# Minimax on Mancala (State-Based)

**Goal:** implement a correct, state-based **Minimax** for Mancala using the engine functions:
- `legal_actions(state)`
- `step(state, action)`
- `evaluate(state)` (scores from the current player's perspective)

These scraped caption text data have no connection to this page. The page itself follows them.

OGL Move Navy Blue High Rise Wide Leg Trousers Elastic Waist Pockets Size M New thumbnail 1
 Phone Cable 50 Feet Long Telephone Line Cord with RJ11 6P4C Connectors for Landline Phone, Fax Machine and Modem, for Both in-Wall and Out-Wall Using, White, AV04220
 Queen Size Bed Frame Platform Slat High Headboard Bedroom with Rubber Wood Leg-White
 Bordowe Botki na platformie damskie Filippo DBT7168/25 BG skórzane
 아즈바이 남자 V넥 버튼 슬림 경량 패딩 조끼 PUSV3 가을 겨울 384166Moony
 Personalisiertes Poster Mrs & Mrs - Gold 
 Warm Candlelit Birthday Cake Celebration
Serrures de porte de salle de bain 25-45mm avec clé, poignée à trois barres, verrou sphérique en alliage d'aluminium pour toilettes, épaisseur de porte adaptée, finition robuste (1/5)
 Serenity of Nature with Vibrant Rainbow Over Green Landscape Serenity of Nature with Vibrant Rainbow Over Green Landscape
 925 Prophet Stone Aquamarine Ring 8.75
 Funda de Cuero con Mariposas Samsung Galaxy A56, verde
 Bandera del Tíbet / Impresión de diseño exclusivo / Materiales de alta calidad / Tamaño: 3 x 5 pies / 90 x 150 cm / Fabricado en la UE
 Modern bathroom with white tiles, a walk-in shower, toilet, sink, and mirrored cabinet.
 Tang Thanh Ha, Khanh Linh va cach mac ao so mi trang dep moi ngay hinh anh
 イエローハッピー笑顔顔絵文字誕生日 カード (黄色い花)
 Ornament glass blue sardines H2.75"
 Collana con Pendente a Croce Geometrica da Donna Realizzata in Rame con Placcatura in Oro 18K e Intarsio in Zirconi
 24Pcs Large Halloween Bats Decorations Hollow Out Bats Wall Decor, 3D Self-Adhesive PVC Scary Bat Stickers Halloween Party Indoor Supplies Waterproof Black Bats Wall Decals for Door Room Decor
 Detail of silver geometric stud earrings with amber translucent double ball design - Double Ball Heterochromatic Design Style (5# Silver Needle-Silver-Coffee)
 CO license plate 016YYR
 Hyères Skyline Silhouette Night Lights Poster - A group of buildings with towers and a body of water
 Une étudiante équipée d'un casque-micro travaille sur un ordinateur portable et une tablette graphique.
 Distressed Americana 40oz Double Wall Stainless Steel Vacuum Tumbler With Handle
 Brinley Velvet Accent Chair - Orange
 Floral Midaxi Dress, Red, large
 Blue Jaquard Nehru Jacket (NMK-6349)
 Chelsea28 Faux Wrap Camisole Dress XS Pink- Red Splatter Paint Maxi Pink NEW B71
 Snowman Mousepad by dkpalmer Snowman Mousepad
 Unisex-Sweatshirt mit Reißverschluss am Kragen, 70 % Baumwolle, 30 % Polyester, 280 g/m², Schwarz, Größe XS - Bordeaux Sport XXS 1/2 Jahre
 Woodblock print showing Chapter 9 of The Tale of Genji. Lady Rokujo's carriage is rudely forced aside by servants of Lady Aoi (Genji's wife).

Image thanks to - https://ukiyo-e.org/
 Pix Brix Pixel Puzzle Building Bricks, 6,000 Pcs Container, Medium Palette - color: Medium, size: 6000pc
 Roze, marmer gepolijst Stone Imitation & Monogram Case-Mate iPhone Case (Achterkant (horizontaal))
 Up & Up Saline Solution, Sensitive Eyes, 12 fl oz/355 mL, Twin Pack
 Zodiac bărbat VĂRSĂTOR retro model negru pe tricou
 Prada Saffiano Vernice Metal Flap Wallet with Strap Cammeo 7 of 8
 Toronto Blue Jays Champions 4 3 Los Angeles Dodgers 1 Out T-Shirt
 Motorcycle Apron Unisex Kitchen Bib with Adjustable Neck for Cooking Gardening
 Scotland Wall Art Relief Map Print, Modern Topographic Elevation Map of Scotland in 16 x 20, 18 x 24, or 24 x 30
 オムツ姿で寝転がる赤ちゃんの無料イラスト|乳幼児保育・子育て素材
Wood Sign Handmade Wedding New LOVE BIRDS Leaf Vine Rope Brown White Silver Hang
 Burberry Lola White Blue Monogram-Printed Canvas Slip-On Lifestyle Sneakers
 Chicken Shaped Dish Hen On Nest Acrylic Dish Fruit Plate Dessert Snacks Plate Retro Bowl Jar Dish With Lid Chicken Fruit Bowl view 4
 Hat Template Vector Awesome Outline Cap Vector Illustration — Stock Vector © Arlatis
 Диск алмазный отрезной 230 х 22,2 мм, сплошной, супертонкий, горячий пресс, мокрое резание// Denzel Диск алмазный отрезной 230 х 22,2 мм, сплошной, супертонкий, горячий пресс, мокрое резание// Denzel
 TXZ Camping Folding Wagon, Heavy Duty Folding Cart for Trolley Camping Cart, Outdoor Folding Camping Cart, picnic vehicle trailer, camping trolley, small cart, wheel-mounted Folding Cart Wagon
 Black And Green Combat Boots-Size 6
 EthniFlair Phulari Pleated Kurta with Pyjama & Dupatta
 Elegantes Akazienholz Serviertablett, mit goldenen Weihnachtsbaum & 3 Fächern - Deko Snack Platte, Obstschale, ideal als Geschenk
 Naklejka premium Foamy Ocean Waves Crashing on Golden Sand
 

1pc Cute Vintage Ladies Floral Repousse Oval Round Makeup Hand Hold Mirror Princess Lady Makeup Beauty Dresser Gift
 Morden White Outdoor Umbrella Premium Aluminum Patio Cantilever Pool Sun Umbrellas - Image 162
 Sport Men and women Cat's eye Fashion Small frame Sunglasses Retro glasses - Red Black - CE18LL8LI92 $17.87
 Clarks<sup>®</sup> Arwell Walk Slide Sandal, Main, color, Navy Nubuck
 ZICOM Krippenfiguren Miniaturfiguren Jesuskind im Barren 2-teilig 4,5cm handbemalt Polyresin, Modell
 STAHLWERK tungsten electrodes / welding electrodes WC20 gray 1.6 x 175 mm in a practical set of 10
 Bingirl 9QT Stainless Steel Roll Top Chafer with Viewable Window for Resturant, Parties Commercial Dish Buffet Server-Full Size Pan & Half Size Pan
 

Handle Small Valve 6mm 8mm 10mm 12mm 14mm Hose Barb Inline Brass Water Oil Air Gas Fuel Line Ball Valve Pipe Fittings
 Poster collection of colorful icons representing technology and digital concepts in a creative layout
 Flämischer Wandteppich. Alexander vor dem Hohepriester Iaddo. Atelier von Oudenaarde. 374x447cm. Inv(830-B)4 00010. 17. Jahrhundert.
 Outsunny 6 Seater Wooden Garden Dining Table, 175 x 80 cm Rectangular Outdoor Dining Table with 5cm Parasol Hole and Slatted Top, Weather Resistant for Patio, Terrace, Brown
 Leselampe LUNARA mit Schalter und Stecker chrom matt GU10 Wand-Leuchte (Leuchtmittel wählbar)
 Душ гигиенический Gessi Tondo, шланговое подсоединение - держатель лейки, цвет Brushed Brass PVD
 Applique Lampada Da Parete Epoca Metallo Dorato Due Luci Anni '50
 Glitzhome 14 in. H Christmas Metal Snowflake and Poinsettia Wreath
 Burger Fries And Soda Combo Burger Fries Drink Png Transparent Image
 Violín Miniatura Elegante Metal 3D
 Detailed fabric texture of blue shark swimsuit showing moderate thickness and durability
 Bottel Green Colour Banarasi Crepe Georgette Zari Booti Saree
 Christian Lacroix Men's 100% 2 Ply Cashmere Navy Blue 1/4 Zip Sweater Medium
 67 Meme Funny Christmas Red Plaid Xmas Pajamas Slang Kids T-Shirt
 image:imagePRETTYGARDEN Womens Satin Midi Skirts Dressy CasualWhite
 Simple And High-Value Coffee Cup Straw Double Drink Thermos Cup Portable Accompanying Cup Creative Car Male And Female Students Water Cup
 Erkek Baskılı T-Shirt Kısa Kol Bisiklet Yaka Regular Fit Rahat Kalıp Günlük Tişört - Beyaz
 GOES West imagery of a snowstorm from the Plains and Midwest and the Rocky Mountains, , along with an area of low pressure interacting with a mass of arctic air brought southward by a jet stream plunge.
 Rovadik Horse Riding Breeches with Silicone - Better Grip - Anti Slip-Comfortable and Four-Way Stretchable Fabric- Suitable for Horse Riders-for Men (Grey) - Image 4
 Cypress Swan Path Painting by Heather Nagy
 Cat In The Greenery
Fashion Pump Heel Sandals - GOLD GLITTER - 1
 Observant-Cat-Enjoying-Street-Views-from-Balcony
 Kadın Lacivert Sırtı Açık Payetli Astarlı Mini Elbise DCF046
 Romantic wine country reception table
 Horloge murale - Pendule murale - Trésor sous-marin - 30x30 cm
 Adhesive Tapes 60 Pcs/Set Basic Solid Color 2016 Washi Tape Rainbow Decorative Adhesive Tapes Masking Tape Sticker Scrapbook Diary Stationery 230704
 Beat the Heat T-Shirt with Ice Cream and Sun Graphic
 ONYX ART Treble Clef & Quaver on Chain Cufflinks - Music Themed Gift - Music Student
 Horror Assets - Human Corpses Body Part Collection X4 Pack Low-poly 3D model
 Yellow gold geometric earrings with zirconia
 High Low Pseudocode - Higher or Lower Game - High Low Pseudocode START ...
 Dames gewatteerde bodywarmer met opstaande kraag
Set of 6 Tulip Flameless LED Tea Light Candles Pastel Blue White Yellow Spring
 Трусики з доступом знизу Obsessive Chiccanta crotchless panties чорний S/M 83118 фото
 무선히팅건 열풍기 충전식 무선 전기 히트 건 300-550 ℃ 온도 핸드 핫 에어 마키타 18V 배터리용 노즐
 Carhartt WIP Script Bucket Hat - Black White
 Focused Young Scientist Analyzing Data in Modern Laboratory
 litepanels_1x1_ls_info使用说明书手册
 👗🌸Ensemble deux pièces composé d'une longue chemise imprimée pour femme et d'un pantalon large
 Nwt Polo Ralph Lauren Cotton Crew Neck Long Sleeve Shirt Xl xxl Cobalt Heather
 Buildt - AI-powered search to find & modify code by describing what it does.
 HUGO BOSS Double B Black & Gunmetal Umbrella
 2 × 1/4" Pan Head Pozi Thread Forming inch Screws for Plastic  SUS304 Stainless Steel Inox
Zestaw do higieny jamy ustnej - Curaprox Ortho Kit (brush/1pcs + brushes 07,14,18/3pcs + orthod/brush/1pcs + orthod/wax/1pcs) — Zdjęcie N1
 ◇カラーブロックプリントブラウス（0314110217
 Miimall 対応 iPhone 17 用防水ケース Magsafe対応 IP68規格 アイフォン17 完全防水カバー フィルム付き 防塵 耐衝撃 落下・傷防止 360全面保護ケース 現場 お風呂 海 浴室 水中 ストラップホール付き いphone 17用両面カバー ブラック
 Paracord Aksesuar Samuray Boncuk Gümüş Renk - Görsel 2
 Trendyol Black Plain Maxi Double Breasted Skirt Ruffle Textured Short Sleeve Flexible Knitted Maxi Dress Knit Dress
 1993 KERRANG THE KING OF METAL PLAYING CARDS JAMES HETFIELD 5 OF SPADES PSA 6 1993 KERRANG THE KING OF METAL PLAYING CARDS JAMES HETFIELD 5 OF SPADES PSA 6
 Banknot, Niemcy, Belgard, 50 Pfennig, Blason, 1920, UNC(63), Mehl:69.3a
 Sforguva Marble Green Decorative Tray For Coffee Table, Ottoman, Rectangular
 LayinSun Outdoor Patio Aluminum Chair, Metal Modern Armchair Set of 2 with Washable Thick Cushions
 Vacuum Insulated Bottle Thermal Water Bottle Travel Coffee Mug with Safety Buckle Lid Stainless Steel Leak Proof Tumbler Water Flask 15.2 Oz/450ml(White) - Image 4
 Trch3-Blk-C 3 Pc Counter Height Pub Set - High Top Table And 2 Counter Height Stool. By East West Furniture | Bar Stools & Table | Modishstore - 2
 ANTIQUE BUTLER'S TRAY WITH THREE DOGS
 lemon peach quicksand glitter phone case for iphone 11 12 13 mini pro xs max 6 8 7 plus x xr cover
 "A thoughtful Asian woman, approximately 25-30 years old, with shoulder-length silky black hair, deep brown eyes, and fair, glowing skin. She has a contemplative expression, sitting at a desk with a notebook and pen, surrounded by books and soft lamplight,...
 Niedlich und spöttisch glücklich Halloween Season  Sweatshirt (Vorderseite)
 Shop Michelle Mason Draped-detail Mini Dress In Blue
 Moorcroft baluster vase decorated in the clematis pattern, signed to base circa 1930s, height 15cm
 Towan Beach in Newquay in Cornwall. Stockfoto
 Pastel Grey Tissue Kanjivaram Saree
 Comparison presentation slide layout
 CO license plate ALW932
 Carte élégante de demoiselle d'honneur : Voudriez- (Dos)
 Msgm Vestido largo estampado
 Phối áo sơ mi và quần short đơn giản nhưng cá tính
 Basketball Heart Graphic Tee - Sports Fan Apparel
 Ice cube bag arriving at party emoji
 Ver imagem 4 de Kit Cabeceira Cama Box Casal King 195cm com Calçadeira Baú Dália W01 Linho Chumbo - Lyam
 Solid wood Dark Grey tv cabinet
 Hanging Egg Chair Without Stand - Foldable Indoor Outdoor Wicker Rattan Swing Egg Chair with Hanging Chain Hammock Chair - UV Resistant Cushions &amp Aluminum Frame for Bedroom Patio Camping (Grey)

We'll also handle Mancala’s **extra turn** rule properly and measure node counts.



## 0) Setup

If you're running this from the repo root, the following cell makes sure Python can import from `src/`.


In [1]:
import os, sys, pathlib
REPO_ROOT = pathlib.Path().resolve().parents[1]  # .../tutorials/minimax_alpha/ -> repo root
SRC = REPO_ROOT / "src"
if str(SRC) not in sys.path:
    sys.path.insert(0, str(SRC))

print(REPO_ROOT, SRC)

from mancala_ai.engine.core import new_game, legal_actions, step, evaluate
print("Imports OK. Repo root:", REPO_ROOT)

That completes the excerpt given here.